The U.S. Census Bureau has been building out the capabilities of its Sensage SIEM system from collecting about 150 systems about five years ago when the scope was primarily regulatory compliance to more than 2,800 network devices and servers today as part of a broader information security strategy. That meant acquiring new hardware to handle the massive amounts of log data, working with system owners to feed the data into the SIEM system, and a development team to create scripts to take in and parse the various system logs, Bradd said. The SIEM system can audit system log data from Unix and Linux servers, Windows event logs, network firewalls and routers and switches.
“The volume of data is always a concern,” Bradd said adding that tuning is always an issue, but that the Census Bureau was able to get it under control. “If you know you’ve got an application that is going to generate a certain kind of alert, it’s not a difficult process to tune that out.”
Bradd said the Census Bureau also plans to send alerts to system owners so a network engineer in charge of maintaining routers and switches can investigate an alert and report back within 72 hours whether it is an event that can be remediated internally or if it is a serious security problem that requires reporting and a full investigation. The built-out system has been used to find misconfiguration issues and detect malware infected machines and trace the malicious code back to the site the user visited, Bradd said.

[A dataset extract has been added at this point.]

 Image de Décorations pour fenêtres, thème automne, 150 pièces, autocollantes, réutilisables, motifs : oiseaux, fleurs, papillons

From server perspective, the Census Bureau is monitoring individual user activity to determine if an attacker is conducting a brute-force password attack on an employee account or if an employee has simply forgotten their password.
“To get something out of a tool you have to invest time, money and effort into people,” Bradd said.

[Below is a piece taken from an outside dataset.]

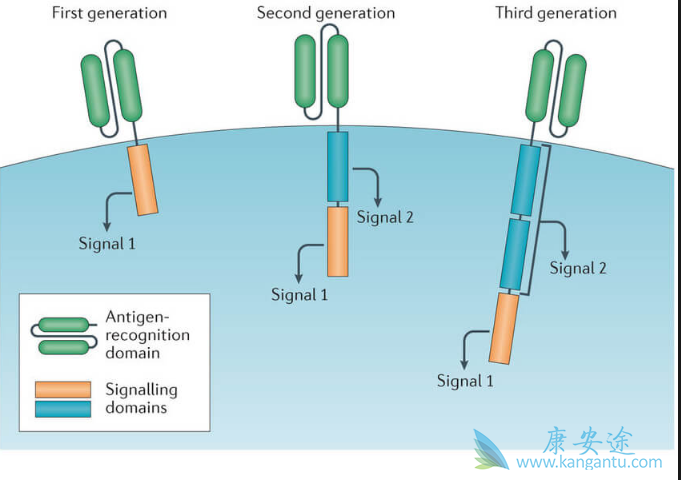 CARTϸ������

There are signs that vendors have addressed some of the problems with earlier releases. The experience has been fairly smooth for one Canadian firm that deployed a newer LogRhythm system in February 2011. The firm, Cara Operations Ltd., which operates 650 restaurants, mostly corporate and franchise locations, deployed the SIEM system to monitor its payment systems for PCI DSS compliance. “We know it’s capable of doing more than PCI compliance, but ultimately PCI was behind the decision to move forward with it,” said Rik Steven, project manager information technology at Cara.
The company uses a managed security services provider (MSSP) to monitor the system and handle alerts. While the MSSP monitors the system 24 hours a day, an IT professional within Cara is acting as a threat analyst to monitor the system internally. Restaurants span across five time zones, so the use of the MSSP was much needed, Steven said.
A team rolled out the system in about two months, deploying software agents at the company’s various locations. At first there was too much information and Steven said the company had to do some tuning over several months to “dial-back” and focus only on the compliance. “It’s easy to get overwhelmed with the fact that it tells you so much information,” Steven said.
The plan is to expand the system overtime to generate more reports and use newer features that can proactively address problems it identifies, Steven said.
“It’s been a big investment to get this in so we want to make sure we get our money’s worth out of it,” Steven said. “There’s a great deal of information it can tell us and we’ve only scratched the surface on the reporting that can come out of it even with just the basic canned reports.”